The only role Gene Wilder regretted never playing: “I don’t want any comedians”
According to the late, great Gene Wilder, his status as one of Hollywood’s most brilliant comic actors was, by and large, a godsend for his career.
However, that isn’t to say it was all plain sailing for the star, especially when he pursued “serious” roles.
For whatever reason, the movie business has always attached a stigma to actors best known for comedy. Instead of being viewed as versatile performers like any other actor would be, a perception tends to develop that they’re only suitable for making people laugh. This obviously makes it much harder for them to land dramatic roles, because Hollywood insiders and audiences alike have already put them squarely in the ‘funny’ box.
Throughout his career, Wilder starred in some of the greatest comedies ever made, including The Producers, Young Frankenstein, Stir Crazy, and See No Evil, Hear No Evil. However, he was never able to stretch his wings beyond the realm of the genre, despite viewing himself as an actor first and not a comedian.
“I didn’t want to be a comedian, I wanted to be an actor,” he told Filter magazine in 2006, “A real actor. Perhaps a real comic actor, but an actor, not a comedian”.
Wilder believed that, given the chance, he would approach drama the same way he did comedy. His process was all about making choices with the performance that felt honest and grounded, no matter the context. “I do act the same way if I’m doing a comedy or a drama,” he explained, adding, “It’s just in a comedy, I’d make comic choices, but I try to make it real. Actually, the more real you are in a comedy, the funnier the comedy is.”

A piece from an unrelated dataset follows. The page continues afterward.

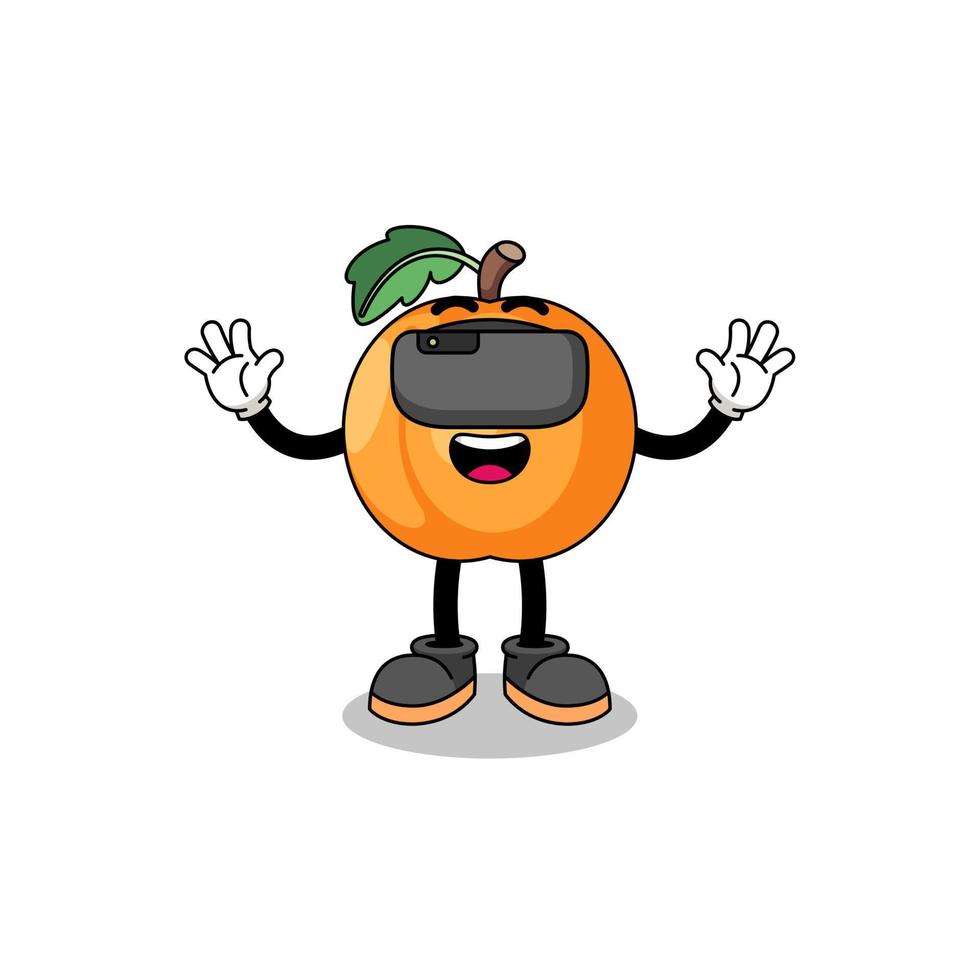 Illustration of apricot with a vr headset vector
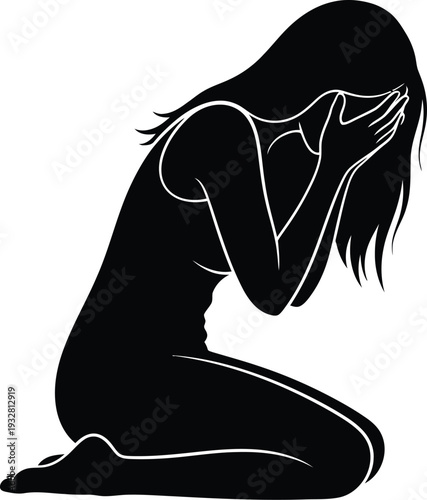Distraught woman vector illustration kneeling, covering her face with hands, symbolizing grief, sorrow, and despair, representing profound emotional pain.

In Wilder’s opinion, he was able to mix enough drama into his comic roles that he was happy with his career. Still, anytime he went after a role outside the confines of comedy, he bristled at the regular refrain of, “I don’t want any comedians in this”. The worst example of this happening was when director Richard Attenborough and screenwriter William Goldman wanted him to play the lead role in the 1978 psychological horror film Magic, but the producer overruled them.
“I’m thinking in particular of one film, from Joe Levine, he’s dead now, but he was the head of Embassy Pictures,” Wilder remembered. “They were going to make a film, and the director wanted me, the author wanted me, the production designer wanted me.”

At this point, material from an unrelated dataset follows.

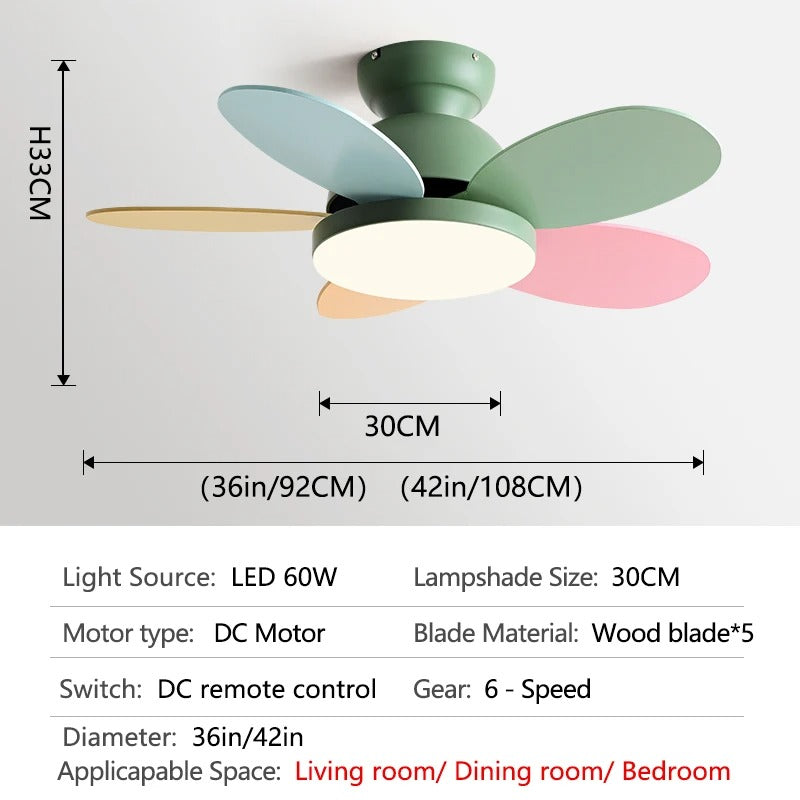 AuroraNova Ceiling Fan with Multicolored Blades and 60W LED Light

Still, despite all this support for Wilder portraying Charles ‘Corky’ Withers, a struggling magician who falls under the thrall of his possessed ventriloquist’s dummy, Levine was immovable.
To make matters more confusing, the headman had distributed The Producers, which was an enormous hit and landed Wilder an Academy Award nomination. It therefore stood to reason that Levine, of all people, would recognise the actor’s talents. Wilder even claimed he once told him he was a “great actor”. When it came down to it, though, he held fast to the stigma and insisted, “No, I don’t want any comedians”.
Ultimately, Levine cast a young Welsh actor you may have heard of as ‘Corky’. Critics hailed Anthony Hopkins for his performance, which seemed to signal his ascension into the ranks of A-list stardom, but instead it took him more than a decade to truly establish himself in that echelon with 1991’s The Silence of the Lambs.
Worse, Hopkins didn’t even like Magic, and once grumbled, “I don’t know why I did that film. They should have gone to somebody else, an American actor”. Like, say…Gene Wilder? The genius American actor who desperately wanted the role?